What do these figures point to? It brings us to an interesting point of economic diplomacy that Prime Minister Narendra Modi is engaged in/wants to engage India into. The recent investment pledges of a little over $33 billion by Japan and then a subsequent pledge of $20 billion by China are ways to leverage the strategic investment that India desperately needs at this juncture for its ailing infrastructure and expanding its manufacturing capability. Apart from this, the US and India have also planned to boost two-way trade to $500 billion from $100 billion at present, without setting a deadline for reaching that goal. It is again with a view to boosting trade and competitiveness of both India and US that is critical for economic growth and development.
If one looks closely at the FDI statistics of DIPP and RBI, the centers that have attracted the maximum FDIs in the past 14 years (April 2000-July 2014) from abroad include the Mumbai (30 percent), New Delhi (19 percent), Chennai (6 percent), Bangalore (6 percent) and Ahmedabad (4 percent). Also pertinent to note is the fact that the investments have been maximum in the services sectors ($40 billion) and in construction development ($23 billion). These two sectors alone accounted for a little over 28 percent of the total of investments of $338 billion to India during the commensurate period.
Part of the prime minister’s plan also seems to be to draw in states and make them partners in development. His address at the Global Investors’ Summit at Indore on October 9, spoke about the team of the Indian prime minister and the chief ministers of various states working in collaboration to facilitate investment. The prime minister also talked about the fact that the center and the states are not competing entities but should work in tandem to build India. He also alluded to the opportunity that awaits willing states. An opportunity worth $100 billion is lined up for states who are willing to provide investors with the business environment needed to transform not just their own states but India as a whole.
What was noteworthy is that the prime minister said he wanted to build his team without taking into consideration the political affiliation of the concerned chief minister. In this regard if the states and the center can collaborate and cooperate, it will indeed be a combination of one plus one equaling eleven rather than two, which the prime minister alluded to in his address, required for building a strong and prosperous India.
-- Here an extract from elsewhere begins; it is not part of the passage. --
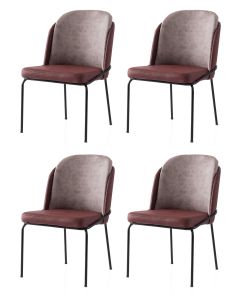 HANAH HOME Set trpezarijskih stolica 4/1 Dore 197 V4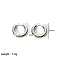 Simple and Elegant Stainless Steel Ring Hoop Earrings for Fashionistas, Silver, 16.5x4mm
Another positive which came out of the Global Investors Summit was the state envisioning exercise (which we have been advocating for quite some time now) that mentions the vision for Madhya Pradesh for 2018. Personally speaking, we would have wanted the date to be extended a bit but the fact that somebody has undertaken the exercise provides us with hope that other states too might take it up in the future. The envisioning exercise not only allows a state to have a strategic view of what it wants to do in the future but also enables the investors to have a clear understanding of what the policies of the state are at present and what they are likely going to be in the future. It makes policy much more stable and transparent in the eyes of the investors and also provides a clear roadmap to businesses willing to enter a location. It also helps businesses think about policy priorities of the state and lets strategize make a location decision accordingly.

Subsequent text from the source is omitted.